▶ _Task instructions_: Where an entry holds an image, skip the image but reproduce the rest word for word.

Collected data
>>>>
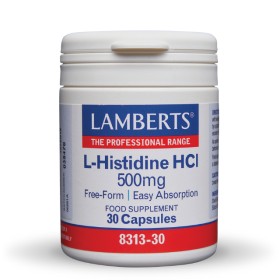 Lamberts L-Histidine HCI 500mg Ιστιδίνη Για Την Υγεία Του Γαστρεντερικού Συστήματος 30 Κάψουλες 8313-30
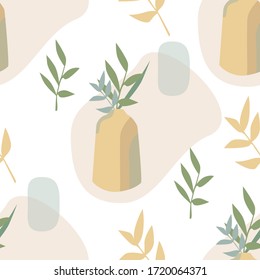 Vector abstract pattern with vases and branches.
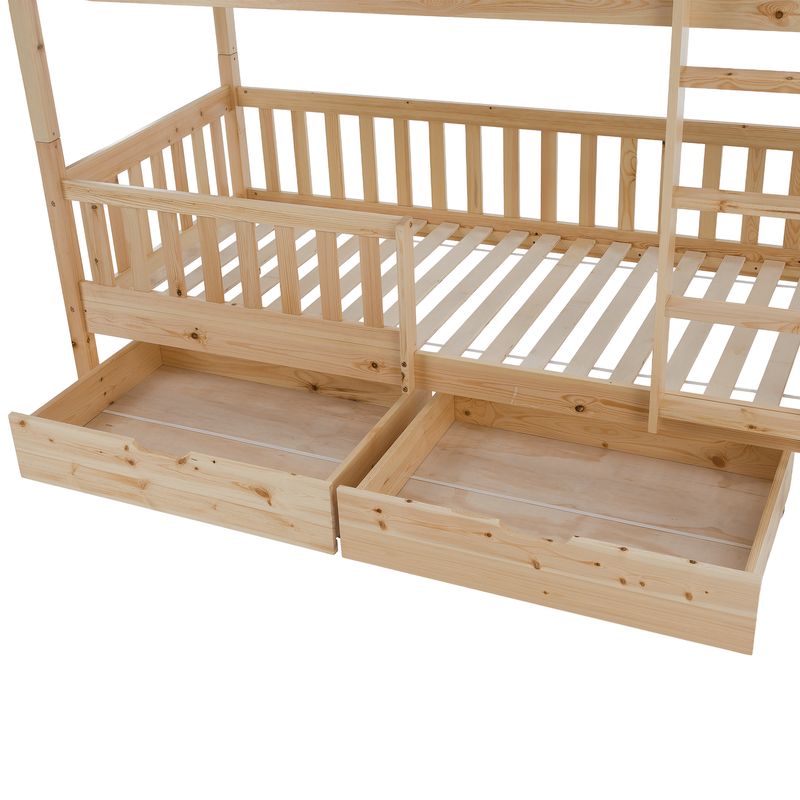 Montessori poschodová posteľ,  90x200, prírodná, VENITA TYP 2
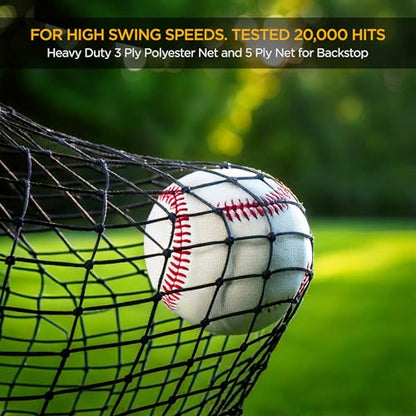 ZivPlay Baseball Batting Cage Net Batting Cages for Backyard Portable Pop Up Cage for Baseball and Softball with Pitching Machine Hole and Detachable Door (30ftx12ftx8ft) - size: 30ftx12ftx8ft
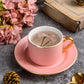 12 PC Matte Pink & Gold Coffee Set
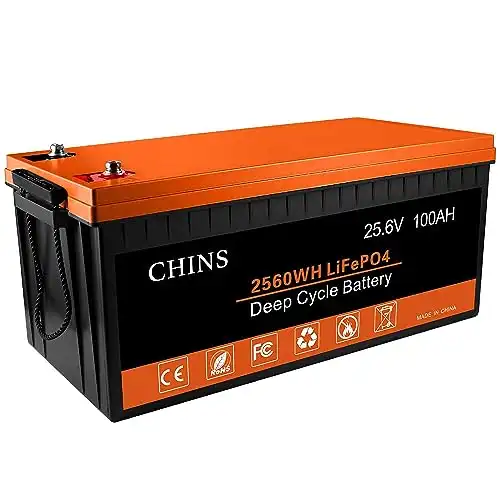 CHINS LiFePO4 Battery 24V 100Ah Lithium Battery - Built-in 100A BMS, 2000+ Cycles, Perfect for RV, Home Storage and Off-Grid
<<<<
▶ _Response below_:
 Lamberts L-Histidine HCI 500mg Ιστιδίνη Για Την Υγεία Του Γαστρεντερικού Συστήματος 30 Κάψουλες 8313-30
 Vector abstract pattern with vases and branches.
 Montessori poschodová posteľ,  90x200, prírodná, VENITA TYP 2
 ZivPlay Baseball Batting Cage Net Batting Cages for Backyard Portable Pop Up Cage for Baseball and Softball with Pitching Machine Hole and Detachable Door (30ftx12ftx8ft) - size: 30ftx12ftx8ft
 12 PC Matte Pink & Gold Coffee Set
 CHINS LiFePO4 Battery 24V 100Ah Lithium Battery - Built-in 100A BMS, 2000+ Cycles, Perfect for RV, Home Storage and Off-Grid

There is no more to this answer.